May is over, June begun and birthday coming up. Gemini time of year again. And no, I don’t believe in astrology. Not since Copernicus and Galileo dumped on Ptolemy and certainly not since the parallax was confirmed. But anyway.

The final performance of my first quartet From an exhibition of Australian woodcuts can be heard at Angel Place in Sydney at 2 this afternoon. The Brentano Quartet play like angels. Both Beethovens are superb, and 132 is about as good as it gets. We met for a read through before the first concert in Brisbane two weeks ago, and I think I’m already a groupie.
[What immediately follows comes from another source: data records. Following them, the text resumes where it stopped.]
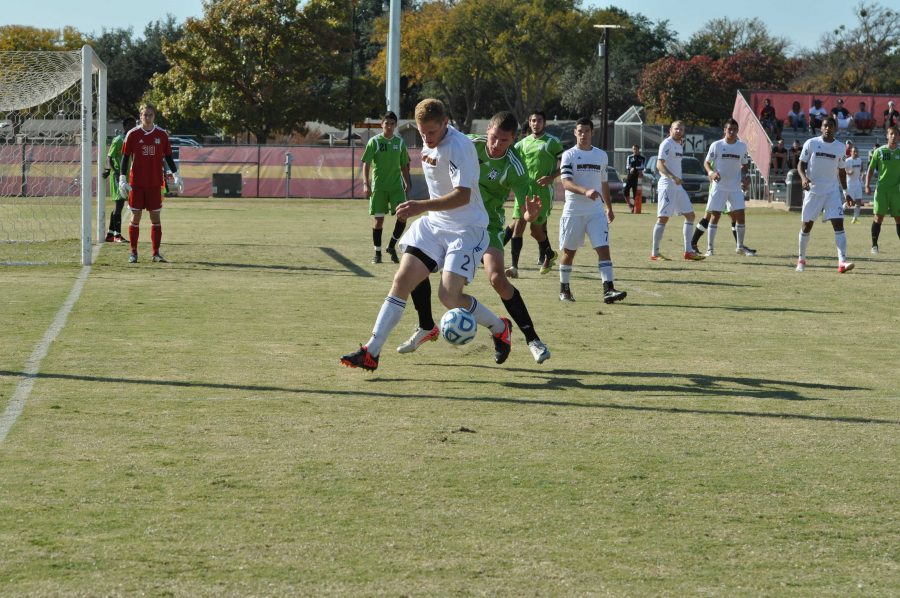 Michael Brody shields the ball from a defender.
Photo by KERRI CARTER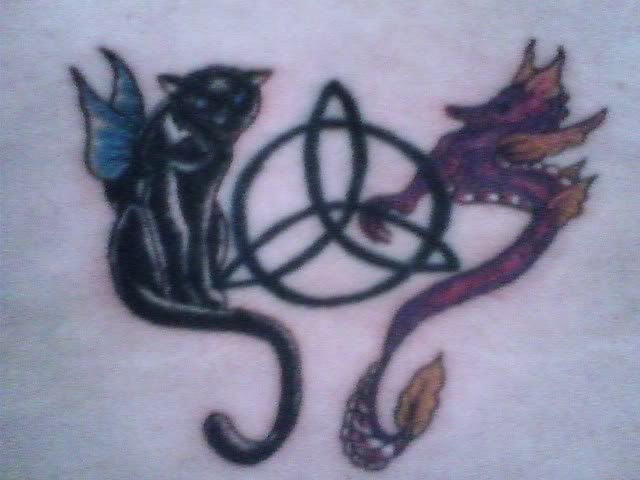 http://tribal-skulltattoos.blogspot.com/images/black_cat_tattoos_and_eagle_animal.jpg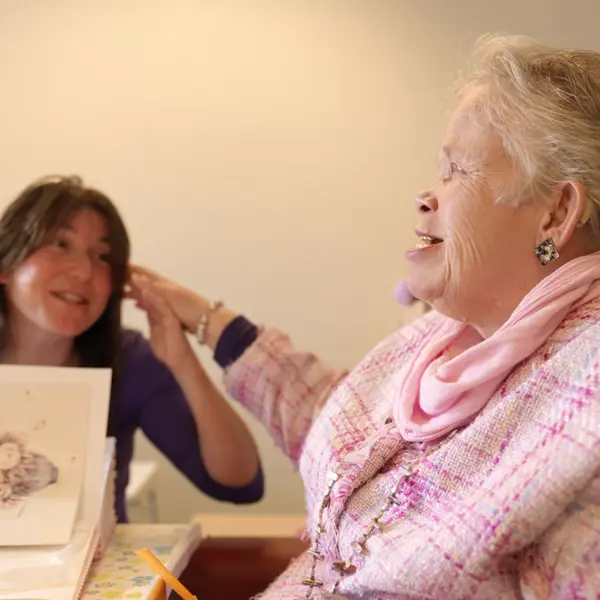 Oudere dame met visuele en verstandelijke beperking en een medewerker Oudere dame met visuele en verstandelijke beperking en een medewerker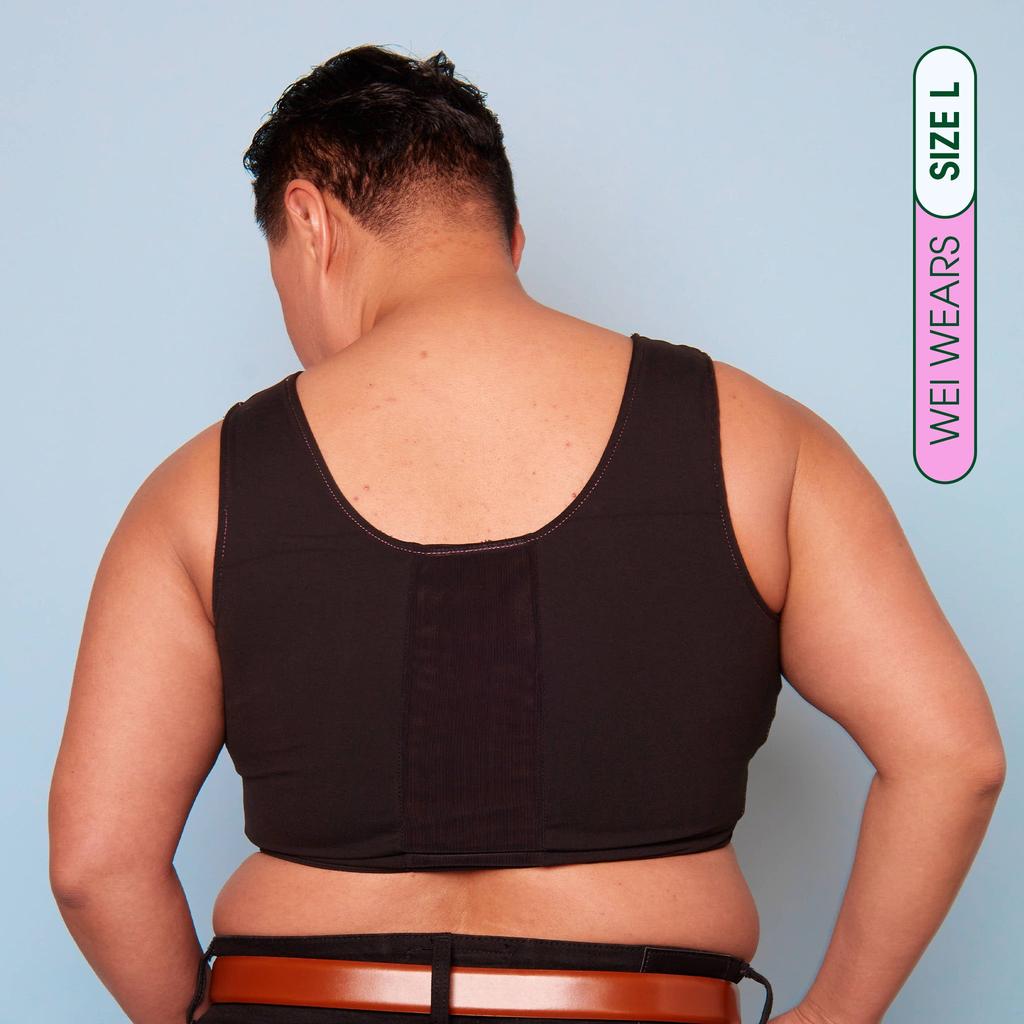 Wei wearing our maximum compression, adjustable and breathable chest binder - Rear View showing breathable panel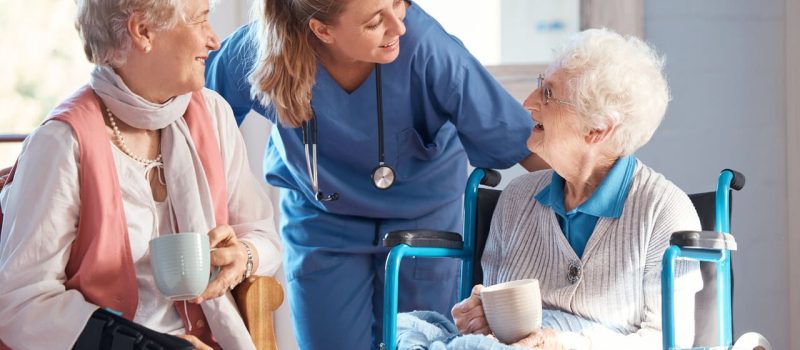 Nursing home, care and nurse with senior women doing healthcare checkup, examination or consultation. Medical, conversation and elderly woman in wheelchair consulting a doctor at retirement facility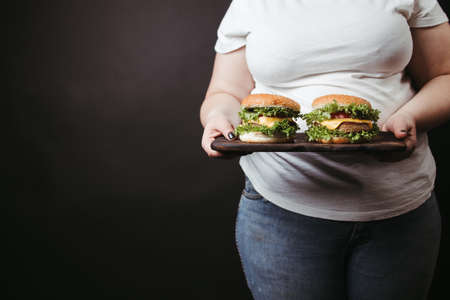 Obese woman with two tasty fattening hamburgersの写真素材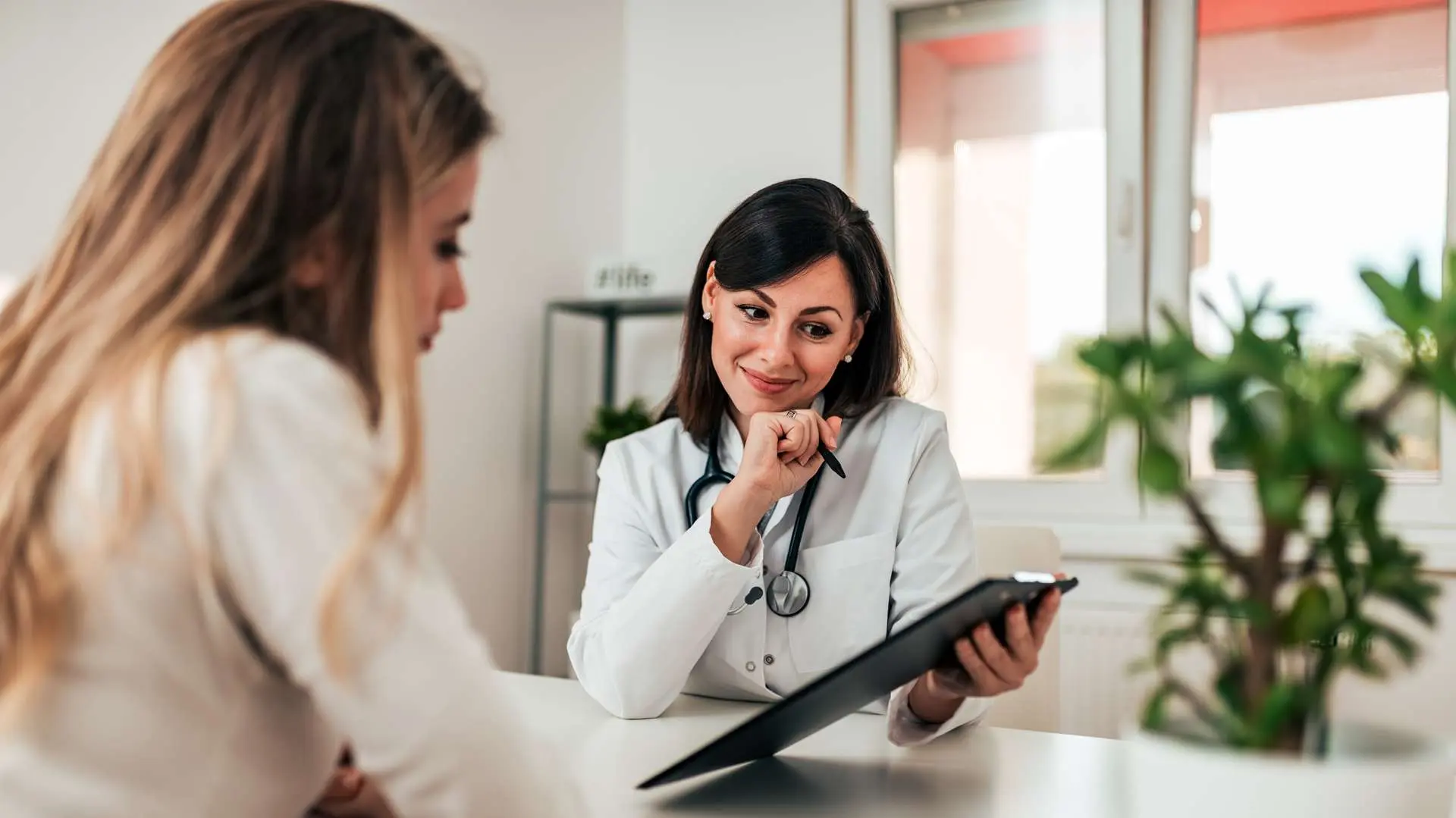 Consultation femme médecin et patiente avec plante verte derrière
It’s hard to describe the pleasure of hearing one’s own music performed in a way that reveals aspects that one did not know were there. They keep asking me to criticise, suggest changes, tweak details, but I keep telling them: it’s perfect, don’t change a thing. And I mean it. I suppose, as with the Eggners, it’s a thing I’ve developed as a player. The composer might have a very well defined concept of how a particular passage might sound, but I believe that it’s far better to allow good musicians to play in such a way that they are as unconstrained as possible, meaning that they will arrive at an interpretation that excites and involves them, ideally. It just so happens that the Brentanos really do recreate marvellously well exactly what I wanted, and I’m having the time of my life.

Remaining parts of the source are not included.